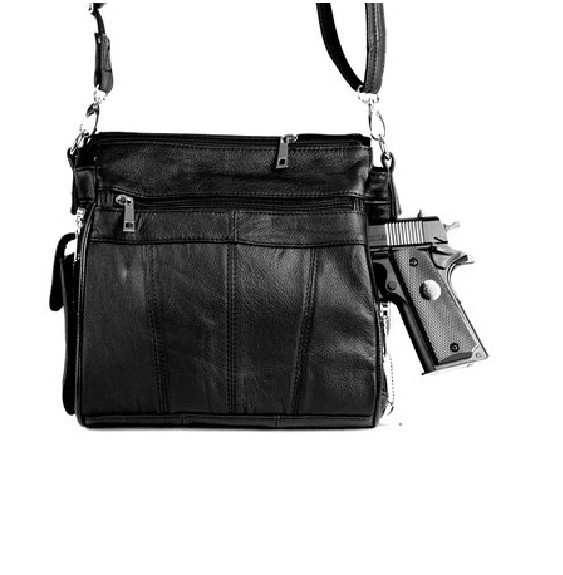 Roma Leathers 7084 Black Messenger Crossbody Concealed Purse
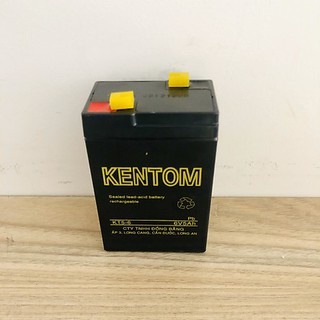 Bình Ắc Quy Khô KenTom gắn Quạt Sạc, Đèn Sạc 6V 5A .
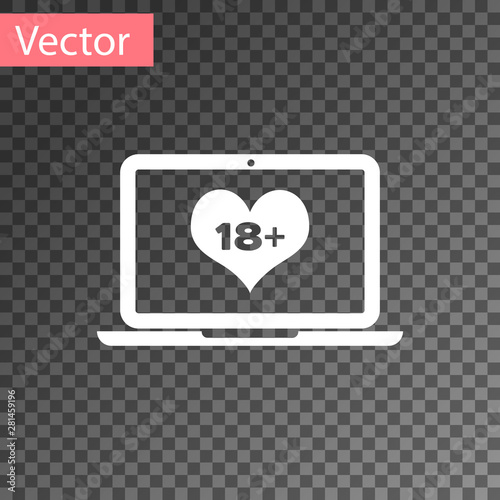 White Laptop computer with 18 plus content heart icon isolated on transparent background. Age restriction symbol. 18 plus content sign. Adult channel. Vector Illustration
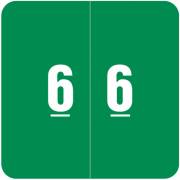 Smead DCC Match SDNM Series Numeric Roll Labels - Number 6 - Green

## [WHAT IS BEING ASKED]
Leave out the images and repeat the rest of the data word for word.

## [REPLY TO THE TASK]
 Roma Leathers 7084 Black Messenger Crossbody Concealed Purse
 Bình Ắc Quy Khô KenTom gắn Quạt Sạc, Đèn Sạc 6V 5A .
 White Laptop computer with 18 plus content heart icon isolated on transparent background. Age restriction symbol. 18 plus content sign. Adult channel. Vector Illustration
 Smead DCC Match SDNM Series Numeric Roll Labels - Number 6 - Green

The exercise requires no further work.